Dava devam ederken Türkiye ile İsrail arasında davanın düşürülmesine ilişkin bir anlaşma yapıldı.
28 Haziran 2016’da Kudüs’te imzalanan anlaşmayla İsrail hükümetinin tazminat olarak 20 milyon dolar ödeme yapacağı, İsrail’in Mavi Marmara hadisesiyle ilgili doğrudan veya dolaylı cezai talebe ilişkin sorumluluktan muaf tutulacağı garanti altına alındı.
Anlaşma metnini Türkiye adına dönemin Dışişleri Bakanlığı Müsteşarı Feridun Sinirlioğlu, İsrail adına ise mevkidaşı Dore Gold imzaladı.
1 ay sonra yapılan Mavi Marmara duruşmasında ise mahkeme heyeti davanın düşürülmesine ve yakalama kararının iptal edilmesine hükmetti.

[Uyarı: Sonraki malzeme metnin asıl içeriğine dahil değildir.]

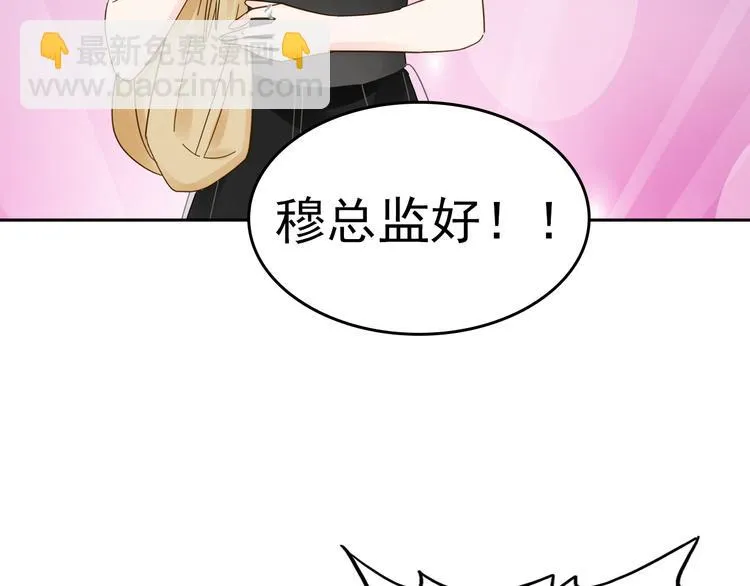 第11话 缺乏安全感？ 第64页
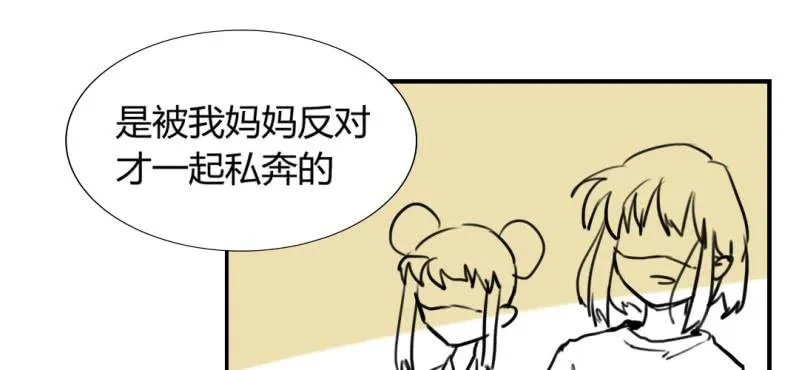 第二十话【1】 第20页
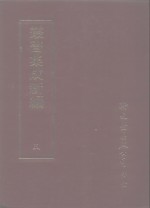 丛书集成新编  5  总类、读书指南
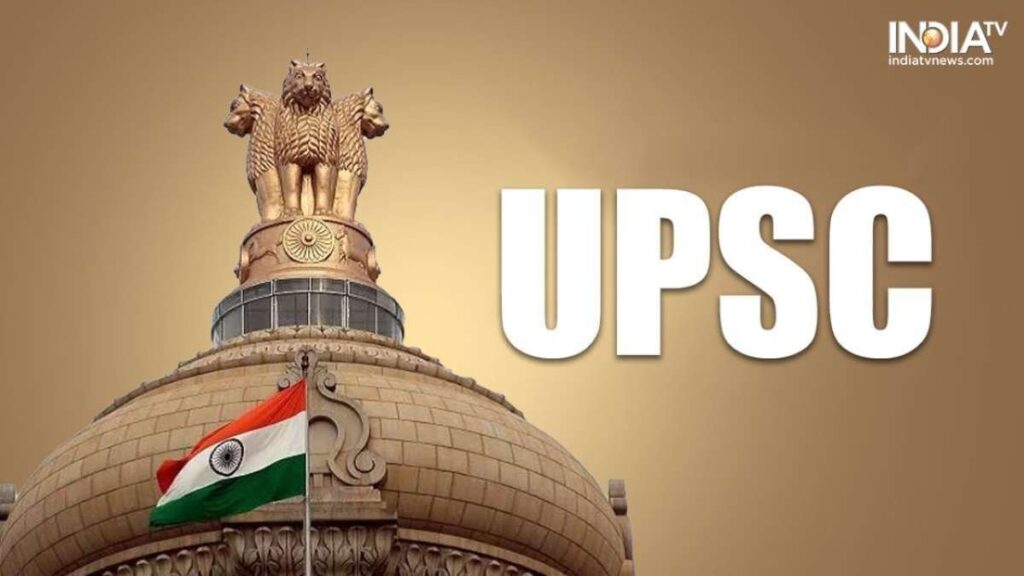 UPSC 2024 interview date postponed, know here when it will happen now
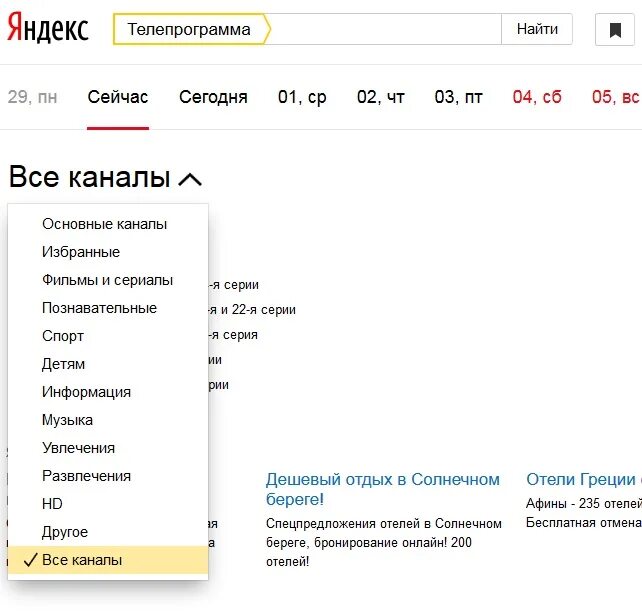 Телепрограмма солнце красноярск. Яндекс телепрограмма. яндекс программа. yandex телепрограмма. яндекс программа телепередач.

Ashkenazi’nin birçok katliamda komutanlık yapan bir isim olduğunu söyleyen Mavi Marmara avukatlarından Gülden Sönmez, “Biz gemide tutulurken Mavi Marmara gemisine de bizzat binmiş ve şehitlerimizin kanına basarak dolaşmıştır. Katliamın baş sorumlularındandır” dedi.
Ashkenazi ve diğer sorumluların, haklarındaki adli süreçler ve mahkemelerden kararlarıyla İsrail’den çıkamaz hale geldiklerine ve birçok ülkede söz konusu isimler hakkında yakalama kararı verildiğine değinen Sönmez, Türkiye’deki davanın düşürülmesiyle bu isimlerin rahatladığını belirtti.
Sönmez, İsrail’in bu adımına karşılık Türkiye’nin anlaşmayı feshetmesi gerektiğini belirtti.
Ashkenazi, göreve geldikten sonra ilk açıklamasında bölgede krize neden olan Trump’un tek taraflı “Ortadoğu barış planına" değindi.
İsrail’de yayın yapan Haaretz’in haberine göre, Ashkenazi bakanlığının ilk gününde Batı Şeria’daki Yahudi yerleşimleri ve Ürdün Vadisi’nin ilhakına onay veren planla ilgili ABD ile koordineli şekilde çalışacaklarını söyledi.
Ashkenazi açıklamasında, “Ortadoğu barış planı İsrail’in gelecek on yıllarını şekillendirmek için tarihi bir fırsat” dedi.